As the internal rate of return has been computed based on 20 years cash flows, the benchmark
return has also been refined by taking into account changes in the relative weights of debt and
equity over the 20-year horizon and the WACC has been arrived at to demonstrate the
financial unattractiveness of the project without CDM benefits.

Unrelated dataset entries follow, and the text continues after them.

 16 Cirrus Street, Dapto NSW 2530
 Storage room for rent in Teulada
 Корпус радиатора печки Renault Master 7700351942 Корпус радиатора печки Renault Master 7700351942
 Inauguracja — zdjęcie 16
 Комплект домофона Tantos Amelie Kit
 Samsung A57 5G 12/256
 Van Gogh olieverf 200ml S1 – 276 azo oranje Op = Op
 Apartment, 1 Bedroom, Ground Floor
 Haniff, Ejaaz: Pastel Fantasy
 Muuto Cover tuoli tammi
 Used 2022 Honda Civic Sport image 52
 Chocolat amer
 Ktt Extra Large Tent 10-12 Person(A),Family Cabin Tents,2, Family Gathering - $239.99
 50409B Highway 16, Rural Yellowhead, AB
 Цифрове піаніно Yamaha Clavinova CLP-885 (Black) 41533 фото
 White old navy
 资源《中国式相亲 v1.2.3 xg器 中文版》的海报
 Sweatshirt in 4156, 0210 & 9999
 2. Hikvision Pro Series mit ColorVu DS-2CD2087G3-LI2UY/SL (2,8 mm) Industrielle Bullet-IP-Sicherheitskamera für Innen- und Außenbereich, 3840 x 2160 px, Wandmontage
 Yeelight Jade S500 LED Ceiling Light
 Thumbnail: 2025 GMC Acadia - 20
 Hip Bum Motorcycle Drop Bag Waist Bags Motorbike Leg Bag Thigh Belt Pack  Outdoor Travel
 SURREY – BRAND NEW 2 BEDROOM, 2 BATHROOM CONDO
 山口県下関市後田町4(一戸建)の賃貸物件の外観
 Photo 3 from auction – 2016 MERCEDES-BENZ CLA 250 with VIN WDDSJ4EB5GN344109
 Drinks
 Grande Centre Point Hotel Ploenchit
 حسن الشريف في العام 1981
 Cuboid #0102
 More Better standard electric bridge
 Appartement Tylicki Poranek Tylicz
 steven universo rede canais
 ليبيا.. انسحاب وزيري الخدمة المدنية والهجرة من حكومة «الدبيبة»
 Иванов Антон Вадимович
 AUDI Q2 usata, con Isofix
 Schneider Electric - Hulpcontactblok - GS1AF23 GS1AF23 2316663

Table B.2: Assumptions for Financial Analysis

Project Cost Rs.959 millions


Means of Finance:
- Share Capital Rs.320 millions
- Term Loan Rs.639 millions

Annual net energy export 81.48 GWh


Electricity tariff Rs.2.90 with an yearly increase
of 2% and cost-plus basis after
11th year
Interest on Term Loans 11.5 %
Operation & Maintenance 4% on Capital cost with yearly
escalation of 10 %
Salvage value 5% of the cost of plant and
machinery and 100% of the
value of land
Book Depreciation (Average) 3.4%
Tax holiday U/s.80IA 10 years
Minimum Alternate Tax (MAT) 11.22 %
Annual emission reductions 70,144 tCO2
CER Price Euro 8
Exchange Rate INR = Euro 56

The input values for the investment analysis are based on the Detailed Project Report
prepared by Tata Consulting Engineers(TCE), a reputed consulting organization(of Tata
Group) , the loan sanction letter, Provisions of IT Act, Companies Act etc and the same have
been furnished to the validator for verification. In the expenses considered for arriving at the
profitability, O&M expenses require some explanation.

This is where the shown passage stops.